There is a must read profile of literary Darwinist and mixed martial artist Jonathan Gottschall in The Chronicle of Higher Education. Recounting how his academic career has stalled in the face of his controversial theories that English Departments and, indeed, literature can be saved by using evolution alone as the key to interpretation. Among his supporters quoted in the article are the great Nabokov scholar Brian Boyd and the professor and popular science writer Steven Pinker. The strangest moment in the profile finds Gottschall asking the author: “What sort of things would I have to say to get you to reach across the table and punch me in the face?”
One of the stranger pursuits of scholars is to assume real people are behind fictional characters and then try to identify them. Or, perhaps it is not so odd that scholars engage is such quest but that there tends to be such an interest in the results outside the field of specialists. Strange because it is hard to understand why a mere obscure name hauled up from the past adds much to our understanding of a novel. Yet, the public is interested. So it is no surprise that an author of such fascination to scholars and general readers as Jane Austen has seen numerous efforts to tie her imaginative creations to the people she knew in real life. Here is the latest candidate for the real Mr. Darcy.

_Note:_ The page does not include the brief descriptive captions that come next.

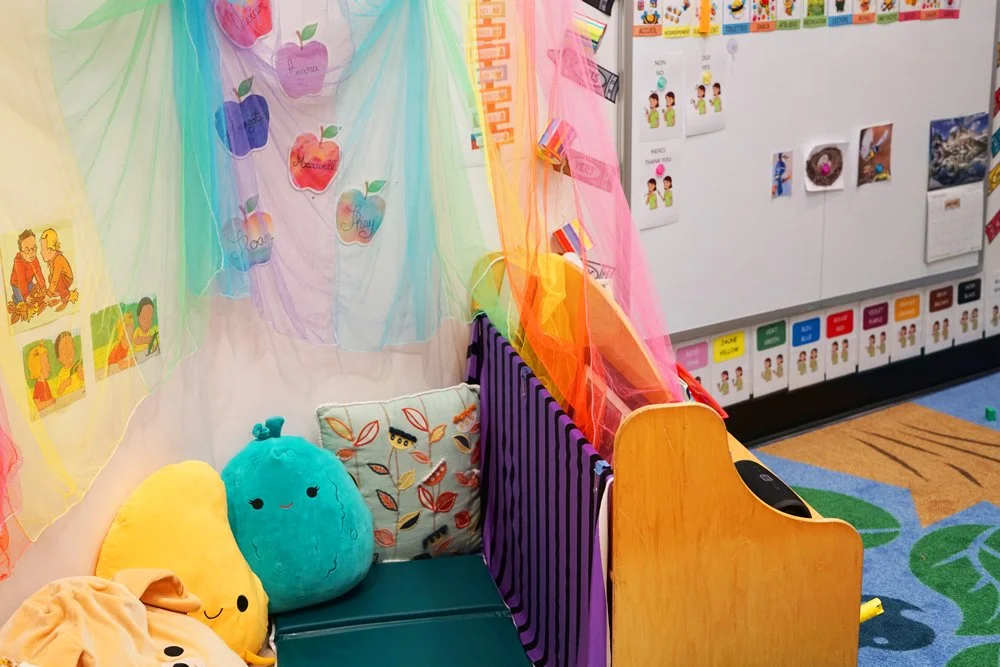 Children's reading nook with colorful curtains, plush toys, and a pillow, set against a wall decorated with educational posters and pictures.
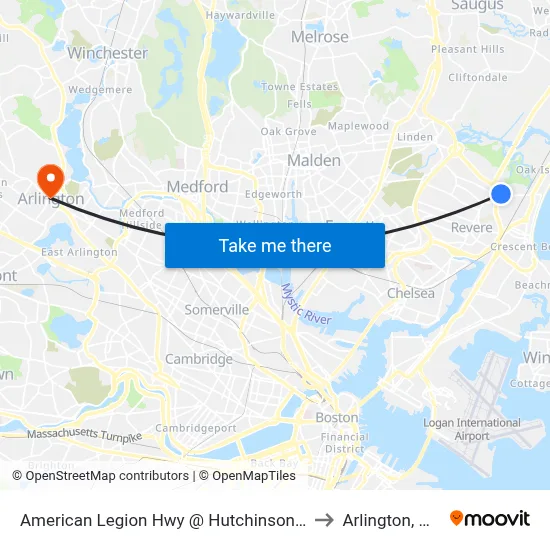 American Legion Hwy @ Hutchinson St to Arlington, MA map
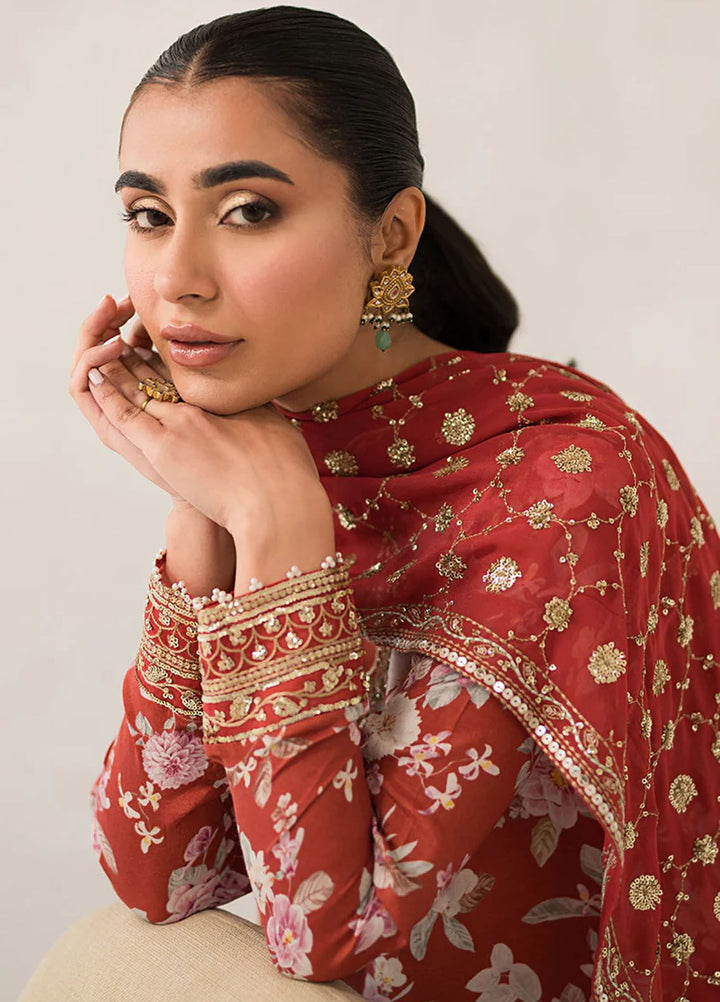 Cross Stitch Embroidered Silk Suits Unstitched 3 Piece CS24LA Crimson Glow - Luxury Collection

The contentious battle over PEN American Center’s decision to give a free speech prize to French magazine Charlie Hebdo, whose staff was massacred last year in a terrorist attack, continues. Upset by what they considered the magazine’s offensive content a number of writers pulled out as table hosts for the organizations annual banquet on Tuesday. Among those who withdrew: Peter Carey, Rachel Kushner and Teju Cole. Today brings news that another group of writers has proudly stepped into replace them including Neil Gaiman, Art Spiegelman, and Alison Bechdel. Gaiman is quoted in New York Times: “The Charlie Hebdo PEN award is for courage. The courage to work after the 2011 firebombing of the offices, the courage to put out their magazine in the face of murder…If we cannot applaud that, then we might as well go home…I’ll be proud to host a table on Tuesday night.”